:: PROBLEM REQUIREMENTS ::
Only the lines below between the ones containing "Firmenanzeige Sanitär &" and "фото отеля Apartment-Haus", inclusive, are to be reproduced, each exactly as it stands.

:: SOURCE DATA ::
________________________

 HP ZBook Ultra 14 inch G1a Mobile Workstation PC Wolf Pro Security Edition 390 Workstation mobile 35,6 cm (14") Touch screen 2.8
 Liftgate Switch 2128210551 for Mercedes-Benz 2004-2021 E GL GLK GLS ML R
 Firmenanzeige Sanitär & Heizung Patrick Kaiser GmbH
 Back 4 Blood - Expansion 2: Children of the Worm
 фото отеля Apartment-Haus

________________________

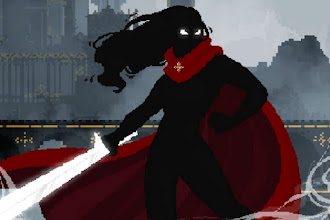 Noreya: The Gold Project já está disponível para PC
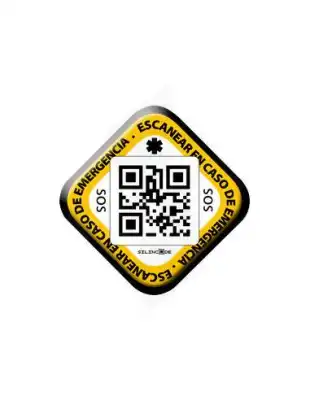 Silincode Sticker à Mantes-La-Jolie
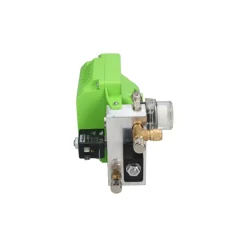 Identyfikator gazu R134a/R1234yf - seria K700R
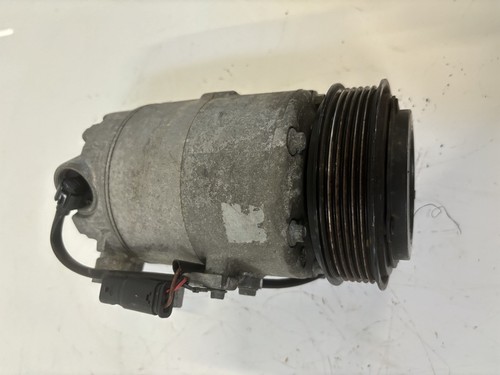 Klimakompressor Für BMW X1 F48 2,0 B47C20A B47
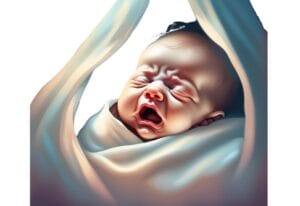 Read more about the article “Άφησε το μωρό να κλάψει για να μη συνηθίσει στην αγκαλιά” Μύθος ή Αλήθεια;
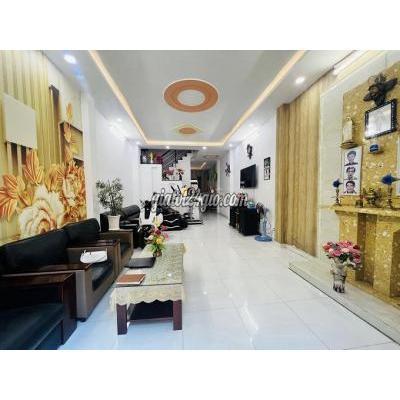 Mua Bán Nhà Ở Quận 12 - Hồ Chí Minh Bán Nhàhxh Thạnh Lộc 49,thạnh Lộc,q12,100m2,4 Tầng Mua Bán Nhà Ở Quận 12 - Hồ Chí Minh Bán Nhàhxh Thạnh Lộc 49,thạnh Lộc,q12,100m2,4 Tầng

________________________

:: RESPONSE BOX ::
 Firmenanzeige Sanitär & Heizung Patrick Kaiser GmbH
 Back 4 Blood - Expansion 2: Children of the Worm
 фото отеля Apartment-Haus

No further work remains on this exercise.